Shades of Soul - soul? If that's what they were shooting for, it failed. **

Shades of Chant - This is the album's best moment, a truly revolutionary Shade. From beginning the end, this shade is legendary, turning two of YG's most tired songs into some sort of byzantine chorus songs. This time the execution of this shade was flawless, and YG sounds better than ever in the chorus parts. This is the direction I keep wishing JM will go, and credit must be given to the arranger - it's not Lamm and it doesn't sounds Shai but it could be him. Everything in this song works, it's the complete package and that alone was worth the 25 dollars I was charged for this album (yes, I overpaid). ***** plus

Shades of Yiddish - ***

Shades of Accapella - interesting premise as we rarely see YG venturing into accapella and it was smart to bring more voices, I was afraid YG would do a Eli Gerstner shtick of one man acapella work. The arrangement by Mo Kiss is very good, but the AKAPella soloist in Min Hameitzar does not nail the song, lacking Shlomo Simcha's power that we saw in the original. Even YG's solo sounded better than the other soloists, so that is a letdown. If you ignore the soloists, the song is well built and I love how YG comes out in this setting, specially in the unusual modulation in 4:15 - I loved it ****

Shades of March - I don't know this march.. not a fan of it.
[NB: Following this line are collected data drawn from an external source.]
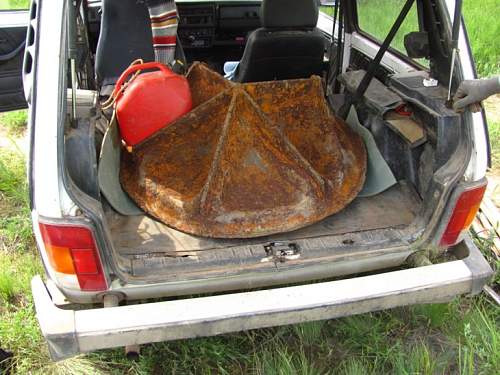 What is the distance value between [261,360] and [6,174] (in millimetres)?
2291

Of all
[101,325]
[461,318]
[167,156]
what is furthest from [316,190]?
[101,325]

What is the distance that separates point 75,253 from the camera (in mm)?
1723

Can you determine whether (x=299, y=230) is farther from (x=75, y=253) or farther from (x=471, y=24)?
(x=471, y=24)

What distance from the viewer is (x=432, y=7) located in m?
2.24

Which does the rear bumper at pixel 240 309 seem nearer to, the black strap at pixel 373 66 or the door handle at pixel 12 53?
the black strap at pixel 373 66

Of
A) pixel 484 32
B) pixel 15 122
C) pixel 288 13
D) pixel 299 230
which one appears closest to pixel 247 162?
pixel 299 230

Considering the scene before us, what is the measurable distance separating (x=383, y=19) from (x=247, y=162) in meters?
1.42

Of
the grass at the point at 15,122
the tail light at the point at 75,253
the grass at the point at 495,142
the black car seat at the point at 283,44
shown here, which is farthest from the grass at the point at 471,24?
the grass at the point at 15,122

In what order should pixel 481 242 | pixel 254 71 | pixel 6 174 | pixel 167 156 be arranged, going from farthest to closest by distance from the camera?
pixel 6 174 → pixel 254 71 → pixel 481 242 → pixel 167 156

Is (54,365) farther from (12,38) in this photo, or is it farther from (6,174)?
(12,38)

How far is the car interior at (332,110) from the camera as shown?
197 centimetres

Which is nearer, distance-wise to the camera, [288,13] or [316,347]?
[316,347]

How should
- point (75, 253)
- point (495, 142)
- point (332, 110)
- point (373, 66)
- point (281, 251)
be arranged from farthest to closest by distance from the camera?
1. point (495, 142)
2. point (332, 110)
3. point (373, 66)
4. point (281, 251)
5. point (75, 253)

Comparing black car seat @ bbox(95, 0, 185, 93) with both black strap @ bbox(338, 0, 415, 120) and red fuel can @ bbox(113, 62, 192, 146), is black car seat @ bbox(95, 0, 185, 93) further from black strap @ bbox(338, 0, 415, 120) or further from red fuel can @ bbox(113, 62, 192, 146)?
black strap @ bbox(338, 0, 415, 120) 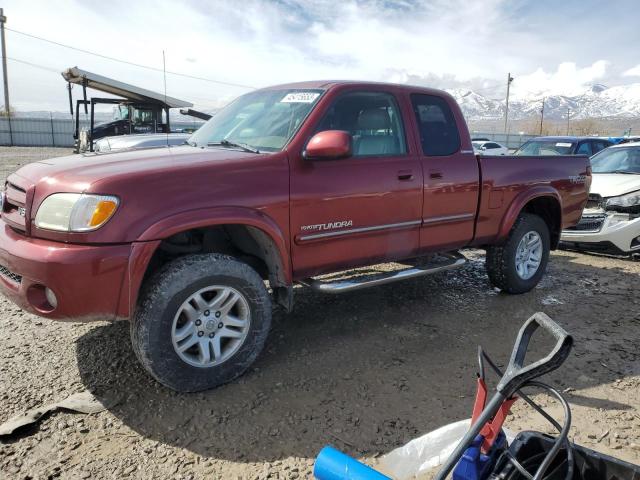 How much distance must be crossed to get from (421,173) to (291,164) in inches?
46.8

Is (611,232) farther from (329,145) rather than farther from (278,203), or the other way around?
(278,203)

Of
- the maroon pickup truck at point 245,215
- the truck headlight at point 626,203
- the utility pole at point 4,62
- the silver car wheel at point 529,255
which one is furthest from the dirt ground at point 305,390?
the utility pole at point 4,62

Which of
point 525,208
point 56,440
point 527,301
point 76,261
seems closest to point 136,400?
point 56,440

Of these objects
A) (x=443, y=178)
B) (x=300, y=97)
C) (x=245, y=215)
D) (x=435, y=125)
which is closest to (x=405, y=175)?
(x=443, y=178)

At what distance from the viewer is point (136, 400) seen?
9.60 ft

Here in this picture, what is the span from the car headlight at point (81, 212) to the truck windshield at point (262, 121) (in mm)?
1165

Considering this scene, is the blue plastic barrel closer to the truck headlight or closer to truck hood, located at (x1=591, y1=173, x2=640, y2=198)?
the truck headlight

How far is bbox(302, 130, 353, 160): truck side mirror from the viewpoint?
314 cm

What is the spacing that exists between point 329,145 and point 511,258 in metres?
2.56

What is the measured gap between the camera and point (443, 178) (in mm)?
4055

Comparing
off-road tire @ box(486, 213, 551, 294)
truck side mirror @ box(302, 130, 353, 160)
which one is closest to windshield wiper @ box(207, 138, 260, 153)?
truck side mirror @ box(302, 130, 353, 160)

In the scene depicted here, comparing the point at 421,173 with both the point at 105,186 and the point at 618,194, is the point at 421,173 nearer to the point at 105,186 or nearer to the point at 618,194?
the point at 105,186

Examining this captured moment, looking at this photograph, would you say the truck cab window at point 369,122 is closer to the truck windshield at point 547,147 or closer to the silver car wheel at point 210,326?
the silver car wheel at point 210,326

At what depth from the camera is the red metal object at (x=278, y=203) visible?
8.57ft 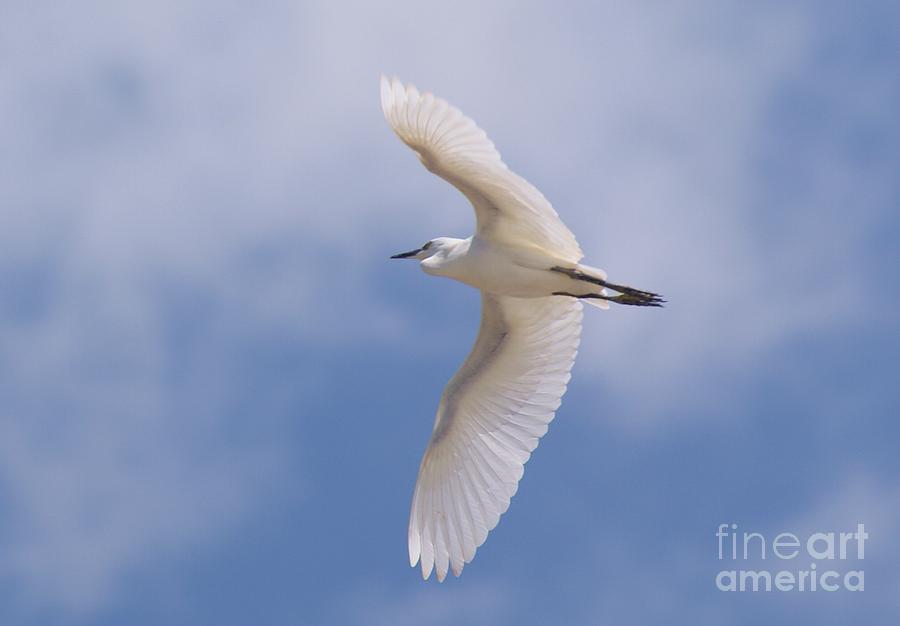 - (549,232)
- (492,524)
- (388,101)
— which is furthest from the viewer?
(492,524)

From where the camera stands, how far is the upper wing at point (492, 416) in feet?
51.6

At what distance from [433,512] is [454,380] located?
1377mm

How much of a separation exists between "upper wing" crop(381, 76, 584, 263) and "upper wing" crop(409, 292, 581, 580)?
1556 mm

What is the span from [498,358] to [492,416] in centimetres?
60

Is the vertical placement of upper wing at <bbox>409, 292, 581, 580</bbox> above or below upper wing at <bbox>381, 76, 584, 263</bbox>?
below

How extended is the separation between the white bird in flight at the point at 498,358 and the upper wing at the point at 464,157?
2 cm

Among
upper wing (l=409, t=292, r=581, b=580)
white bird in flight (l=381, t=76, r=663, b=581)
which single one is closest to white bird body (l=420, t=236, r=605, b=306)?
white bird in flight (l=381, t=76, r=663, b=581)

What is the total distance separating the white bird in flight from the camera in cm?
1471

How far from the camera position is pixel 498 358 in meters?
16.1

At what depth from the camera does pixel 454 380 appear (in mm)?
16203

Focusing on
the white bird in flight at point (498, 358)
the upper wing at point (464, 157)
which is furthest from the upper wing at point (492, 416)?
the upper wing at point (464, 157)

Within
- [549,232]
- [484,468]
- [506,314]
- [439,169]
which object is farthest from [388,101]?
[484,468]

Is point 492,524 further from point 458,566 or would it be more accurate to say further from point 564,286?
point 564,286

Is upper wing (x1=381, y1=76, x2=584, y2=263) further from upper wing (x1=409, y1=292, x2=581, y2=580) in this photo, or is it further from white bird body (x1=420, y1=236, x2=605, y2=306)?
upper wing (x1=409, y1=292, x2=581, y2=580)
Not memorable, not as creative as YGs usual compositions. The English song is cute **

Always on Call - quite a surprise! Nice vocals, nice song and nice cause.

Shades of Green 2 is better than 1. There's still lots of room for improving and I would dare more with the arrangements next time. And I would make it more 8th Note-ish - why not bring guest singers for every song, a la Gideon Levine? I would still keep YG's vocals as this is about his legacy but one bar here and there could be sung by guest singers. Nice album; special mention to Shades of Chant - wow!

Sunday, April 17, 2011

Pessach Video

It seems like people feel like we need new shtick videos every Chag these days. While some are definitely interesting and creative, others like this one fall sort. He can actually sing and has a pretty sold voice, but why mix Sole Mio and Pessach? Corny.